O drama de guerra dirigido por Mel Gibson não poderia começar por outra fala que não uma passagem bíblica do livro de Isaías, capítulo 40, que faz relembrar muito do ideal religioso no qual grande parte dos alistados se apegam, em especial da personagem principal e biografado Desmond T. Doss (Andrew Garfield). O épico Até O Último Homem desconstrói a própria ideia de gênero de guerra, ao centralizar na historia do soldado contrário à violência.

Gibson é didático, como havia sido em Coração Valente e A Paixão de Cristo. A passagem que marca o ideal do jovem ocorre na infância, quando em uma inocente briga com seu irmão, o protagonista acaba por quase mata-lo, sob os olhos de seu velho e rígido pai (Hugo Weaving). Após refletir sobre seu passado, o rapaz se alista nas forças armadas, com a missão pessoal de resgate de sobreviventes e cura de feridos.

Uma parte da jornada faz paralelos com outros tantos clássicos do gênero, em especial Nascido Para Matar, de Stanley Kubrick, no que diz respeito a não aceitação do grupo militar com Desmond, por conta de sua postura em relação a guerra. O filme possui alguns períodos complicados quanto ao ritmo, e especial na primeira hora de duração, onde se discute a desobediência da personagem e o julgamento em torno de seu comportamento. O ideal e a motivação acabam sendo justificados neste primeira metade.

Já na metade final, o cineasta põe em prática a marca registrada de seu cinema, que é a violência mostrada de forma crua e visceral. As dilacerações de corpos, os cadáveres expostos e o uso da imagem para mostrar o lado sujo da guerra são impressionantes, em muito superiores ao visto em Apocalypto e Coração Valente.
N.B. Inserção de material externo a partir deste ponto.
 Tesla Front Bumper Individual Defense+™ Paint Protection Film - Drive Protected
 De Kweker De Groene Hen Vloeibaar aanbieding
Esses momentos gráficos e viscerais corroboram com o discurso de Desmond trabalhado na metade inicial, dando razão ao texto da personagem por meio de imagens.

O texto de Robert Schenkkan e Andrew Knight discorre sobre as faces cruéis da guerra, valorizando as ações do protagonista, mostrando neste plano tudo o que O Invencível, de Angelina Jolie tentou mas que não obteve êxito – quanto na demonstração da guerra em ambos os lados, com referencias a Cartas de Iwo Jima, de Clint Eastwood, envolvendo cenas com os inimigos asiáticos.

Gibson está longe de acertar tudo o que tenta, mas apresenta um produto final simples, conciso e econômico, como os bons filmes de guerra de Eastwood, cuja direção pontual é menos grandiloquente   e mais preocupada em contar a história de um herói nacional do que apresentar um filme pretensioso, e tal apresentação só é tão bem sucedida graças as nuances que Garfield empresta a figura antiviolência de sua personagem. Segundo esses preceitos, Até O Último Homem é o típico filme inspirador que o público, a crítica e a academia costumam abraçar, sendo até mesmo surpreendente o quão baixa é a carga melodramática do longa-metragem.